After the Apostle done, we did want to kill the sinner man and sinner woman so bad that we did have to count to ten and then again. The Apostle a deal with we hard, but is so truth hard. Plus, nobody believe that after all this time scoring point for the Devil that Pastor Bligh all of a sudden on fire for Je … the Lord. This is the man that drunk from the day after him come. Imagine, Preacher gone to rum bar fi chummy-chummy up with drunkard and whore. This is the man who the Devil use Lillamae Perkins to turn into fool, she who drown herself. Him make all man shame that them is man. Plus, when him go fi baptize Mrs. Smithfield daughter, him nearly drown her. All them things we did think funny one time, but is that bastard make God leave Gibbeah. Is Apostle York who drive him out like how God drive evilness out of the temple. The Apostle a deal with we hard, but it better than the Pastor not dealing with we at all. Now him out o street a preach holy fire, but you no need much to do the Devil work. The Devil will take care of the Rum Preacher, so we must cut him off.

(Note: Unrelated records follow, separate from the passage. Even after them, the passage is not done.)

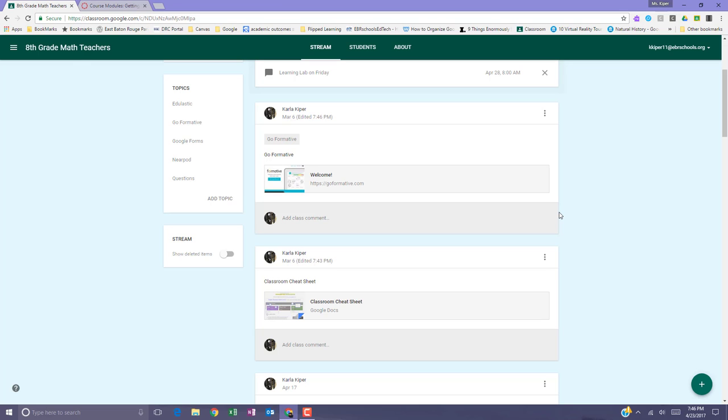If students have email set up, they also receive a notification that the post has been moved to the top of the stream.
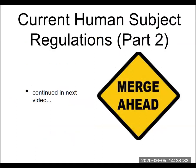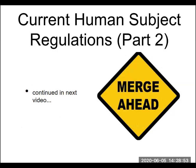That finishes up the first half of the lecture. Come back for part two, where I'll explain what an Institutional Review Board is and give more insight into the rules that scientists and doctors need to follow when doing human subject research. As always, if you have any questions, feel free to email me. Thank you and have a great day.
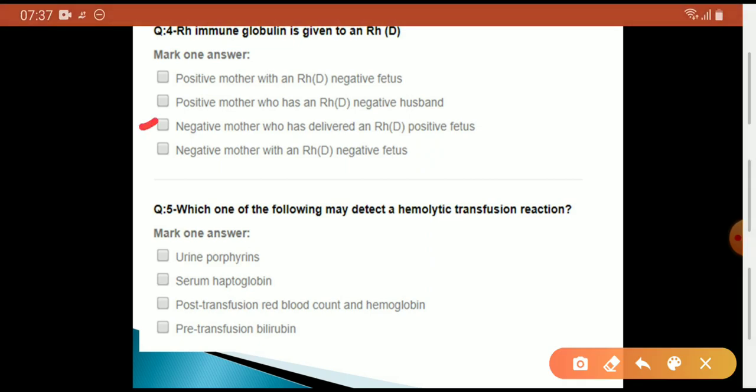Which one of the following may detect a hemolytic transfusion reaction? The answer is Serum Haptoglobin.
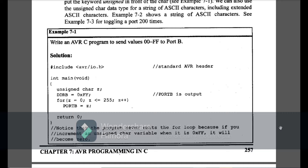Now I am going to explain the examples of Chapter 7 AVR microcontroller. Example 7-1 is: write an AVR C program to send values 0x00 to 0xFF on Port B.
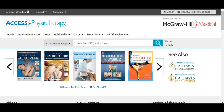In today's session, we will cover the variety of resources available to you in AXIS Physiotherapy and the F.A. Davis Physical Therapy and Athletic Training Collections, including texts, clinical reference items, multimedia, drug monographs, cases, and study tools for exam prep, including NPTE prep-specific content.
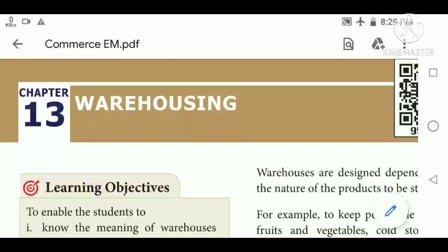Good morning students. In the last class we studied about the functions of commercial banks. Today we are going to see about warehousing. A warehouse is a place where goods are stored for future purposes — we get the goods whenever we need them. All goods are stored in a warehouse in order to get them at the right time and right place.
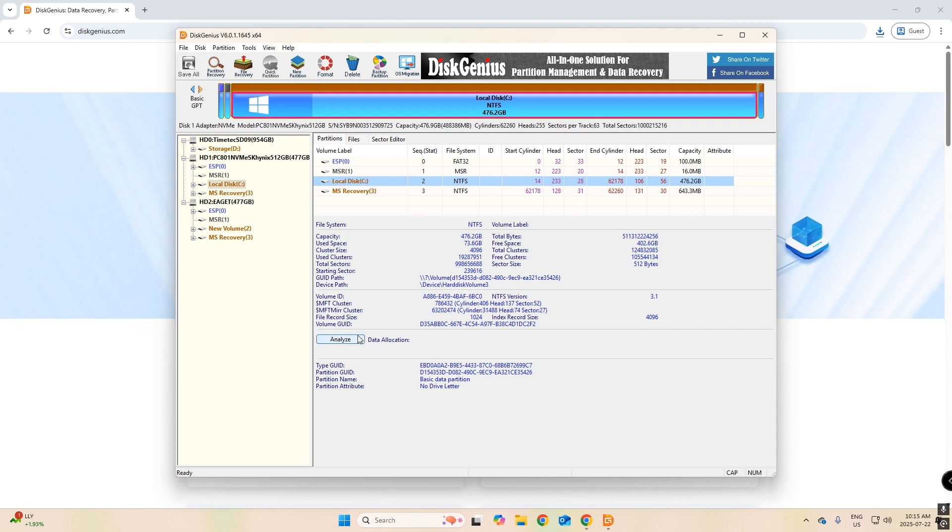Okay, and so from here, you have all your disks listed. The one that I am going to be copying from is Local Disk C. The one I'm going to be copying to is New Volume.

People already getting rid of the redifusion, and throwing way the short-wave radio. Anybody who not washed in the blood of the lamb we not talking to. Is time to be strong and upright. Is time to make sacrifice and we know who fi sacrifice first. Apostle York not fraid fi tell we hard things, that’s why we believe what him say. All we know say is that Deacon Pinckney could only see through one eye before the Apostle come to the village and now him can see through two. The Rum Preacher never bring one single miracle to Gibbeah. Him bring in the Devil fi take up seat like we and him is combolo. That’s why we glad bout what happen to him. We like how God use the Apostle to deal with Pastor Bligh case. Listen, when God use him man, God use him man!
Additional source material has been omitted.